__EXERCISE__
The exercise calls for every entry that follows to be repeated exactly.

━━━━━━━━━━━━━━━━━━━━━━━━━━━━━━

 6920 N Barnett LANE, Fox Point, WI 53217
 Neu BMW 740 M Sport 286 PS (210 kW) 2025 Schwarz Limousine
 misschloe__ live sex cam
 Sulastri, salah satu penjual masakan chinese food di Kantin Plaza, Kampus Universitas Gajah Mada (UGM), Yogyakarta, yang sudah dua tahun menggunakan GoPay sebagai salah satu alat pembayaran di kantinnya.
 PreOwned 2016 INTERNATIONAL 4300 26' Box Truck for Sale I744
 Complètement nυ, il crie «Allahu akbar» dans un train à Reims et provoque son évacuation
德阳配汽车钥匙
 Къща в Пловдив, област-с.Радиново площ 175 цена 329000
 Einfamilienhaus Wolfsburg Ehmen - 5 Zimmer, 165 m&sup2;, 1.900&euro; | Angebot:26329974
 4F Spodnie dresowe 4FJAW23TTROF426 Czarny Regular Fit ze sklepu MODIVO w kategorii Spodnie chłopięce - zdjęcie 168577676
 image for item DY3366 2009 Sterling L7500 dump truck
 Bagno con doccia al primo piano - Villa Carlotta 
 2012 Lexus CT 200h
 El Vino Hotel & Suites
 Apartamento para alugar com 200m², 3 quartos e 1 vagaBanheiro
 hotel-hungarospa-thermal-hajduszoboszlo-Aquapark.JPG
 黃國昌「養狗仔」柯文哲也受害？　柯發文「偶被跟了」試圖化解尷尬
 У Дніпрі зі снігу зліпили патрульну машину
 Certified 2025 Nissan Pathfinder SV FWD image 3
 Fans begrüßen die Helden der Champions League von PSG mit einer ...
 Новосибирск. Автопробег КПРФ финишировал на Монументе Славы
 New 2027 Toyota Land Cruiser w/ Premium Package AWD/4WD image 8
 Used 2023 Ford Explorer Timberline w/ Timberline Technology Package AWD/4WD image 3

━━━━━━━━━━━━━━━━━━━━━━━━━━━━━━

__ANSWER__
 6920 N Barnett LANE, Fox Point, WI 53217
 Neu BMW 740 M Sport 286 PS (210 kW) 2025 Schwarz Limousine
 misschloe__ live sex cam
 Sulastri, salah satu penjual masakan chinese food di Kantin Plaza, Kampus Universitas Gajah Mada (UGM), Yogyakarta, yang sudah dua tahun menggunakan GoPay sebagai salah satu alat pembayaran di kantinnya.
 PreOwned 2016 INTERNATIONAL 4300 26' Box Truck for Sale I744
 Complètement nυ, il crie «Allahu akbar» dans un train à Reims et provoque son évacuation
德阳配汽车钥匙
 Къща в Пловдив, област-с.Радиново площ 175 цена 329000
 Einfamilienhaus Wolfsburg Ehmen - 5 Zimmer, 165 m&sup2;, 1.900&euro; | Angebot:26329974
 4F Spodnie dresowe 4FJAW23TTROF426 Czarny Regular Fit ze sklepu MODIVO w kategorii Spodnie chłopięce - zdjęcie 168577676
 image for item DY3366 2009 Sterling L7500 dump truck
 Bagno con doccia al primo piano - Villa Carlotta 
 2012 Lexus CT 200h
 El Vino Hotel & Suites
 Apartamento para alugar com 200m², 3 quartos e 1 vagaBanheiro
 hotel-hungarospa-thermal-hajduszoboszlo-Aquapark.JPG
 黃國昌「養狗仔」柯文哲也受害？　柯發文「偶被跟了」試圖化解尷尬
 У Дніпрі зі снігу зліпили патрульну машину
 Certified 2025 Nissan Pathfinder SV FWD image 3
 Fans begrüßen die Helden der Champions League von PSG mit einer ...
 Новосибирск. Автопробег КПРФ финишировал на Монументе Славы
 New 2027 Toyota Land Cruiser w/ Premium Package AWD/4WD image 8
 Used 2023 Ford Explorer Timberline w/ Timberline Technology Package AWD/4WD image 3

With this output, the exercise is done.